A raccontare informalmente i particolari è l’amministratore delegato di Inditex Italia, Enrico Drago. Sentite questa: non se ne parla di fotografarlo, non vuole comparire, non rilascia interviste, soprattutto ha solo 35 anni. Fantascienza, in Italia. Come fuori dall’ordinario è tutto, in questo che non è un negozio, ma una rivoluzione, a maggior ragione per Bolzano. Inusuale tutto, in primo luogo come ha aperto: nessuna pubblicità, nessuna inaugurazione. Eppure, tutti in fila già prima dell’apertura delle porte alle 10, e poi centinaia di persone all’interno, per tutto il giorno. Compreso chi non ti aspettavi: il bolzanino in là con gli anni. Mica solo curiosi: guardavano, provavano, compravano.

Qualche dato: tre piani, all’entrata la donna elegante. Oltre, l’abbigliamento basic, quello che non deve mancare. Le casse stanno in fondo, perché prima di andare a pagare devi aver guardato tutto. Luci a led incassate nei binari sul soffitto, pittura “materica” alle pareti, colori pastello; ai lati le collezioni, sui tavoli in mezzo tutto il resto. Non ci sono cartelli: le indicazioni vengono fornite da schermi a led, che ciclano immagini della collezione e indicazioni: al piano -1 c’è il reparto Trf: donne più giovani, metropolitane. Oltre c’è il reparto Kids, non solo bambini, ma pure baby, da 0 a 24 mesi. Al primo piano c’è il reparto uomo. Sta all’entrata perché chi compra di più è la donna, oltre il 50% degli incassi, cui si somma il 25% del reparto Kids, acquistato sempre dalle donne. Insomma, femmine da privilegiare. E i maschi, in castigo al piano di sopra? No, è che gli uomini vogliono stare tranquilli, lontani per un po’ dalla frenesia delle compagne, tanto che nei camerini maschili, e soltanto lì, ci sono pure i divanetti...

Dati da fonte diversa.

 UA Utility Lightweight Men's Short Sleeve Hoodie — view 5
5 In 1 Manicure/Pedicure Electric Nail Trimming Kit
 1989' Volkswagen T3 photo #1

L’arredo e gli interni sono stati realizzati su misura da operai spagnoli. Zara dispone infatti di una sua divisione edile. Serve per risparmiare tempo: fra trovare le ditte in loco, spiegare, coordinare, sperare che rispettino la tempistica, si è stimato passerebbe un anno, durante il quale si paga l’affitto ma non ci si guadagna. Così, invece, per aprire bastano due soli mesi.

Uno store di queste dimensioni - che non è un franchising ma è gestito direttamente - vende in media 600-700 capi al giorno. Ogni ora, su basi digitali, viene effettuato il riassortimento: la tal maglia nera, taglia M, sparita dagli scaffali e venduta, viene rimpiazzata. Due volte a settimana, da La Coruña, la base logistica in Spagna, partiranno i Tir per Bolzano: riassortimento di ciò che si è venduto più le novità. Il tutto sotto rigoroso check informatico su ciò che in settimana ha tirato di più: colore, taglio stile, eccetera.

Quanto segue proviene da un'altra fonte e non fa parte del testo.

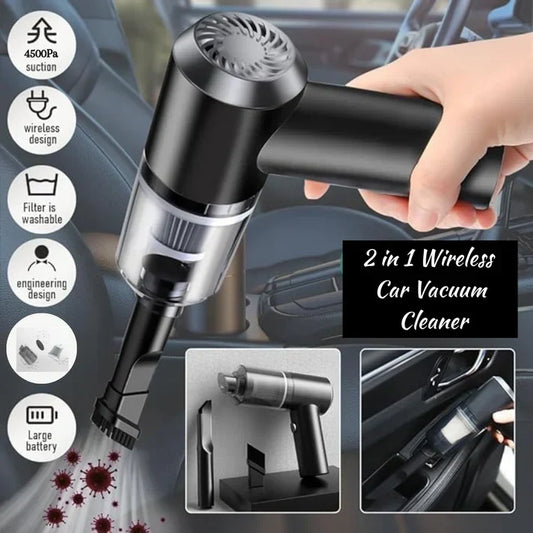 2 in One Vaccum Cleaner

E la domenica? «Ce lo permette il decreto Salva Italia», commenta l’ad Drago. «Fra il resto, in questo periodo difficile per l’economia, così abbiamo potuto mantenere, anzi incrementare il personale». Sa tutto, Drago, della querelle altoatesina, perché legge i giornali. Ma è serafico: «Le logiche proibizioniste hanno fatto il loro tempo. Se voglio, devo poter tenere aperto. Sta agli altri trovare strategie innovative per reagire». Quindi si apre, sempre. E basta.